A water fountain is always a commanding and impressive sight, sure to bowl over any visitor or guest to your home. Adding lighting to your fountain, however, not only lets your water feature keep on impressing your guests even after the sun has set, but also allows it to evoke a certain mood in whoever sees it. It’s in your best interest, then, to make sure your fountain does have some sort of lighting.
How do you go about it, though? While you can certainly just go the efficient route and aim a couple of spotlights at your water fountain, there’s a good chance it won’t have the desired effect you want, and probably even diminish your feature’s overall appearance. To avoid this, here are some best practices to keep in mind when adding lighting to your outdoor or indoor fountain.

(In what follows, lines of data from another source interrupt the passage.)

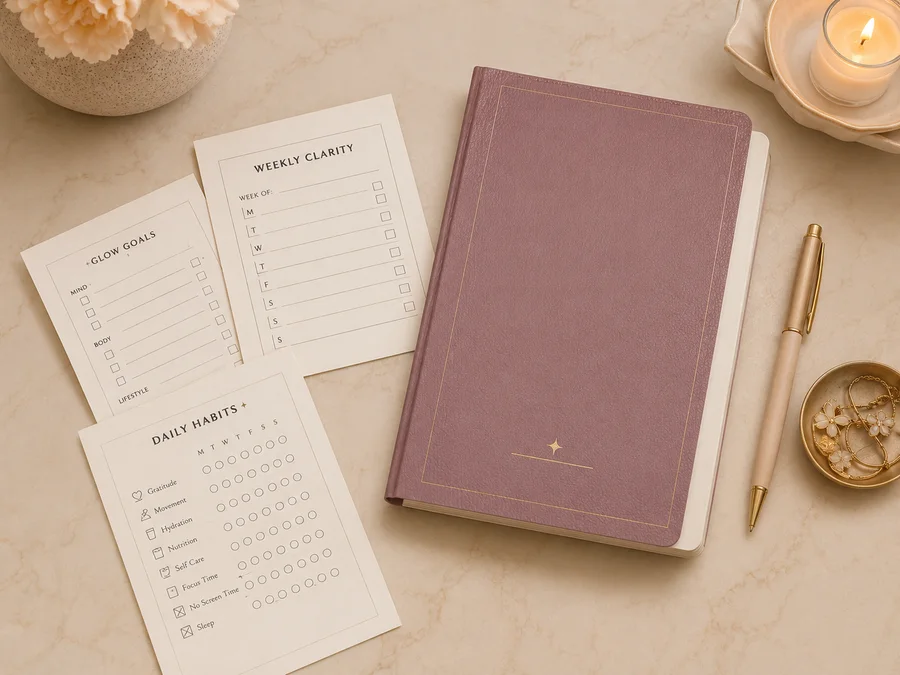 Glow up toolkit notebook, worksheets, candle, and gold pen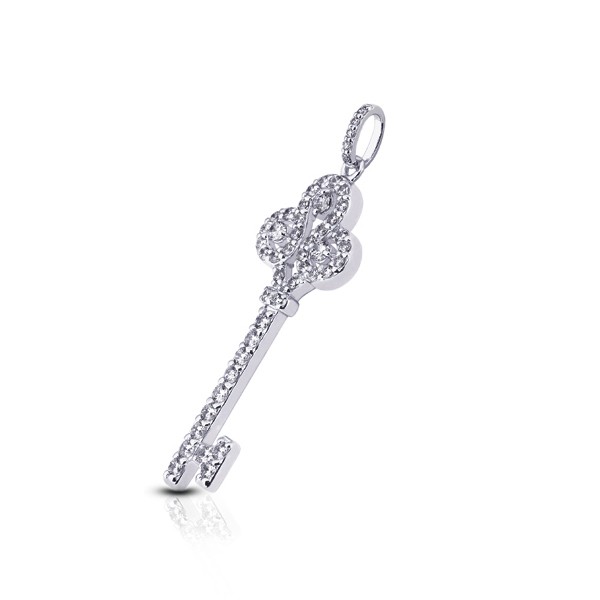 0.57ctw E VS1 Round Brilliant Earth Mined Certified Diamonds White Gold Pendant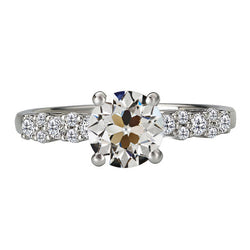 Cuscino Antico Diamante Fine Anello di Proposta in Oro 14 Carati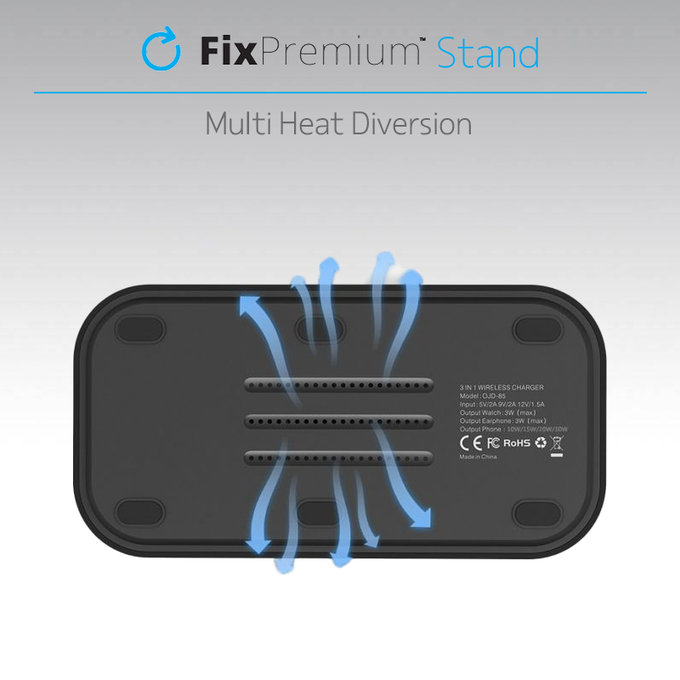 FixPremium - MagSafe Stojan 3v1 pro iPhone, Apple Watch a AirPods, bílá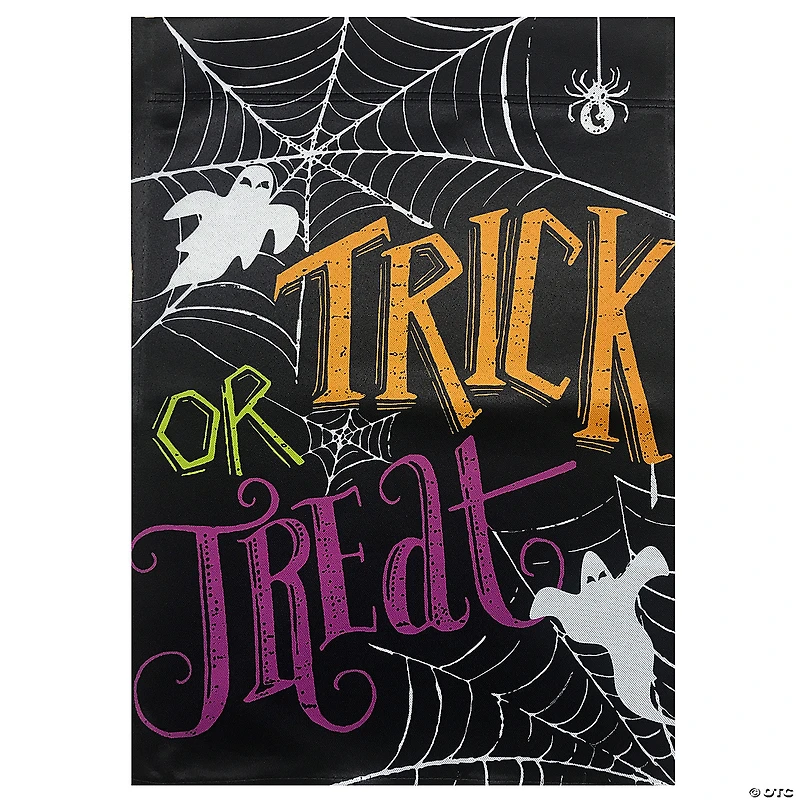 Spider Webs and Ghosts Trick or Treat Outdoor Garden Flag 12.5" x 18"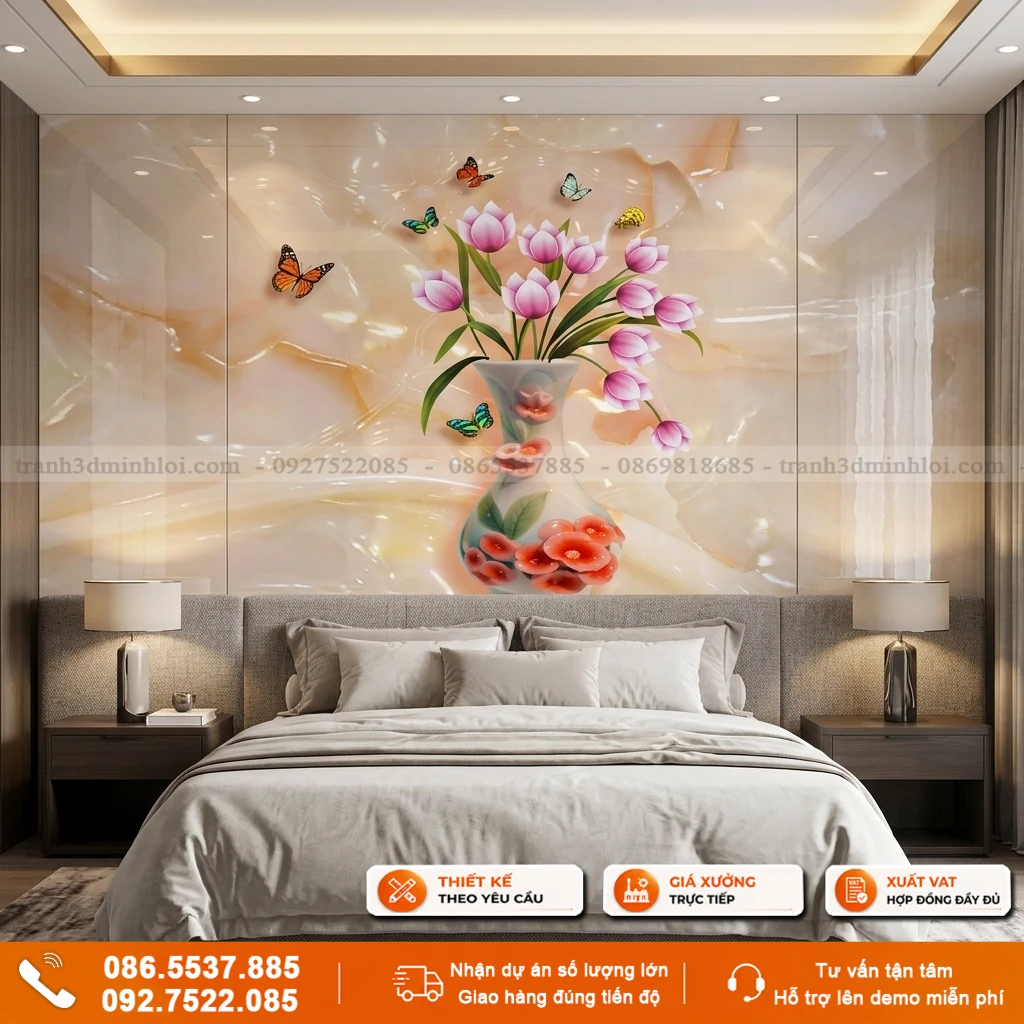 Tranh gạch ốp tường phòng ngủ mẫu hoa tulip và lan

Do note that these best practices apply to indoor water fountains too, as normal overhead lighting will never be enough to really bring out the beauty of a water feature.
- Conceal the wiring. Nothing ruins the mood set by a water fountain’s lighting more than having cables and transformers/power strips being clearly visible. The lights themselves being visible isn’t a problem, but if you’ve got cables snaking all over the place and draped around your water fountain, then it just looks artificial and ruins the illusion. Work with a landscaper or a water feature maintenance professional for ideas on how to best conceal these cables from view.
- Use enough light. One of the biggest mistakes you could ever make when adding lighting to your water fountain is to not use enough light, especially when it’s an outdoor water fountain. Water has light-dissipating qualities, which means that even if you’re using high-intensity lighting but it’s submerged in the water of your fountain, its illuminating effect will be drastically reduced. To counteract this, always assume that you’re going to need at least a third or a half more lighting than you anticipate. You may have to add a bit more than that when you take the materials involved in the construction of your water feature, too. For example, water features that involve dark-colored materials have a light-absorbing quality.
- Play around with the lighting first before making anything permanent. Another big mistake that water fountain owners usually commit when lighting up their fountain is to have the lights permanently affixed in place as soon as they’re set down. Play around with multiple lighting angles first, especially during night time. Lighting a water feature is not the same as lighting a statue or an object – water not only diffuses light but also bends light around, so it can be unpredictable. Even with the help of a professional you may need to readjust and reposition the lights multiple times before you achieve your desired effect.
- Be mindful about glare. Additional lighting can make your water fountain look absolutely stunning, but at the wrong angle it could also project light to where it shouldn’t be going – such as your neighbor’s bedroom or patio at night. Consider where the light gets reflected onto when adding your lighting and readjust as necessary. You can also resort to having screens or tall plants diffuse the light as well, if you can’t find any other angle to work with.
- No lighting system is maintenance-free. Just like the very water feature it’s illuminating, a lighting system needs maintenance. Plant life can grow over and cover light fixtures, lenses can get fogged up due to calcium accumulation, and cords can be chewed through by animals or accidentally cut by an errant gardener. Of course, the more complicated and elaborate the lighting system, the more maintenance it will require. Either get a professional to do this in a regular fashion or be prepared to add it to your list of regular upkeep tasks.
Adding lighting to your water feature is one of the best ways to enhance its impressiveness and mood-invoking qualities. By taking your time in planning and applying light and taking into heart these best practices, you can create your desired mood and visual effect without it being too much of a headache.